Yuddy Chrisnandi Menteri yang Bergelar Guru Besar

id Yuddy Chrisnandi Guru Besar

Jakarta (ANTARA Lampung) - Menteri Pendayagunaan Aparatur Negara dan Reformasi Birokrasi Yuddy Chrisnandi dikukuhkan sebagai Guru Besar atau Profesor pada Sidang Senat Guru Besar Universitas Nasional, Jakarta, Sabtu.

Profesor Dr H Yuddy Chrisnandi ME menambah menteri Kabinet Kerja yang bergelar Guru Besar.

Bahkan menurut Rektor Universitas Nasional El Amry Bermawi Putera, Yuddy yang pada 29 Mei 2015 genap berusia 47 tahun, merupakan Guru Besar termuda di Universitas Nasional dan tercatat sebagai Guru Besar ke-18 di universitas swasta tertua di Jakarta (Universitas Nasional berdiri sejak 15 Oktober 1949).

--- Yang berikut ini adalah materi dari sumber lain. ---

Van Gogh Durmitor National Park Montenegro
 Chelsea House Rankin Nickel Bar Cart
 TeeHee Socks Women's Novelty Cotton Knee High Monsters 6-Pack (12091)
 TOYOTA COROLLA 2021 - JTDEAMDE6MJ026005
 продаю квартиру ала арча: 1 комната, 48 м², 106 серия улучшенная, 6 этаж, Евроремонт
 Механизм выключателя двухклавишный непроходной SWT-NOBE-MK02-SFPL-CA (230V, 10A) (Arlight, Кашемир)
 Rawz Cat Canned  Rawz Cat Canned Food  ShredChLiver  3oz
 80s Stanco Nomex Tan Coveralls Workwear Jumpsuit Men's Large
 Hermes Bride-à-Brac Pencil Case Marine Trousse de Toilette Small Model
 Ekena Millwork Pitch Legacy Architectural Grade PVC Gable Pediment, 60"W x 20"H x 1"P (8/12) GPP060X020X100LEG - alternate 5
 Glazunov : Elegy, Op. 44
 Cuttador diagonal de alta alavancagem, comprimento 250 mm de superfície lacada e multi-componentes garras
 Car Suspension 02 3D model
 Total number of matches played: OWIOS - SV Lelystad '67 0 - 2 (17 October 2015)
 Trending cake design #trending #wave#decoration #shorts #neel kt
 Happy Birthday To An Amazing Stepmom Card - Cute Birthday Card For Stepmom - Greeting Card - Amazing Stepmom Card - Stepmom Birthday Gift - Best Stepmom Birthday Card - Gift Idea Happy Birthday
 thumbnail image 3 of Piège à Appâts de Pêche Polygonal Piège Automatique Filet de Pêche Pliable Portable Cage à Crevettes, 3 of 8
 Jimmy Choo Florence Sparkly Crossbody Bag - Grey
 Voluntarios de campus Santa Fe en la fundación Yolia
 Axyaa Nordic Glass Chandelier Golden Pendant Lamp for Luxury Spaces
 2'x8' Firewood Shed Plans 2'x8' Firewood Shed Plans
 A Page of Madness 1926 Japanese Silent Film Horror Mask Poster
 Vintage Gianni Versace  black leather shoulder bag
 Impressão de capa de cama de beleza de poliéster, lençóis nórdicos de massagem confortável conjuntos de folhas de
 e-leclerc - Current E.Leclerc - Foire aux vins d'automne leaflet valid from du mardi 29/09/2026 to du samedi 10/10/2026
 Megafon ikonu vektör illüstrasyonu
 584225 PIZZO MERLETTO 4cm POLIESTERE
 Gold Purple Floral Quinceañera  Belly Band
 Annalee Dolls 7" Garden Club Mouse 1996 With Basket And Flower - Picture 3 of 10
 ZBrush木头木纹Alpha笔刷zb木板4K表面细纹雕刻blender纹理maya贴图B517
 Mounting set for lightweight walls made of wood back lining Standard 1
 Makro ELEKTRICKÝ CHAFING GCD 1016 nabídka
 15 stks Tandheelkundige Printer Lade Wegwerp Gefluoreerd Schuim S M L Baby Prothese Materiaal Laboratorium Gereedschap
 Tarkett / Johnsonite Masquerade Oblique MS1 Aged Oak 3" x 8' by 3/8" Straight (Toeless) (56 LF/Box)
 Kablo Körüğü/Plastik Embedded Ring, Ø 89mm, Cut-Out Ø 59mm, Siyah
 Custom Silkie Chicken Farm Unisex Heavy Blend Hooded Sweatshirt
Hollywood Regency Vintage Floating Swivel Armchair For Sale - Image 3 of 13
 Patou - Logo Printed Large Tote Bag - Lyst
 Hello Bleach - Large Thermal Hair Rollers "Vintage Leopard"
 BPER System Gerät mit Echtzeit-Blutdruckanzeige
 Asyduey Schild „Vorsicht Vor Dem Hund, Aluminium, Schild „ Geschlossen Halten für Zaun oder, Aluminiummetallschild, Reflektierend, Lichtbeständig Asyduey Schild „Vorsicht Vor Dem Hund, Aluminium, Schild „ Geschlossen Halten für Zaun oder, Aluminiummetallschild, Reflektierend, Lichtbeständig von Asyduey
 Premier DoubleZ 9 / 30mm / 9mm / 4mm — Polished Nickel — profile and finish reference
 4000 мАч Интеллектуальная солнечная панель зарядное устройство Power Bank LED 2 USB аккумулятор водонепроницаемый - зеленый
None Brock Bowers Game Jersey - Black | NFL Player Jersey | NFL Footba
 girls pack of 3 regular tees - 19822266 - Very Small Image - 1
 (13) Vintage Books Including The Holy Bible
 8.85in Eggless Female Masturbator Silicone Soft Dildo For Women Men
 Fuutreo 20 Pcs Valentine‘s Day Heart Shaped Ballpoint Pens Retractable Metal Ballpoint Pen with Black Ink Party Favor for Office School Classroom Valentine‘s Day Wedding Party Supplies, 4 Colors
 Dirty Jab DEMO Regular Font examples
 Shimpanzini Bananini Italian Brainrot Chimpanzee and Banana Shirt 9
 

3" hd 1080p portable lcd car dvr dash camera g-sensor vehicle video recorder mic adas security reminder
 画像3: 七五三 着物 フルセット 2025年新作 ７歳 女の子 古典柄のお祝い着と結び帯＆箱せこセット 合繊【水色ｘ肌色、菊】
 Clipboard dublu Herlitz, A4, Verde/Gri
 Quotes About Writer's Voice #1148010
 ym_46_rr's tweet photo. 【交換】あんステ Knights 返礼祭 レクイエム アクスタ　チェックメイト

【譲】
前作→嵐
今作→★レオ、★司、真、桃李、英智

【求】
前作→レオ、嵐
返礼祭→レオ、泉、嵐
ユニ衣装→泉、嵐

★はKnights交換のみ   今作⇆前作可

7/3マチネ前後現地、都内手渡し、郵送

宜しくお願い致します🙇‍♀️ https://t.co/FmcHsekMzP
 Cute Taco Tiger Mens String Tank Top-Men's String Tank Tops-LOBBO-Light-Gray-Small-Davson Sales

Sebelum Yuddy, anggota Kabinet Kerja pada pemerintahan Presiden Joko Widodo dan Wapres Jusuf Kalla yang telah bergelar Guru Besar adalah Menko Kemaritiman Prof Dr Indroyono Soesilo, Menteri Sekretaris Negara Prof Dr Pratikno, Menteri Keuangan Prof Dr Bambang Permadi Soemantri Brodjonegoro, Menteri Kesehatan Prof Dr dr Nila Djuwita F Moeloek, SpM (K), Menteri Pendidikan Tinggi dan Ristek Prof Dr M Nasir, serta Menteri Pemberdayaan Perempuan dan Perlindungan Anak Prof Dr Yohana Susana Yembise.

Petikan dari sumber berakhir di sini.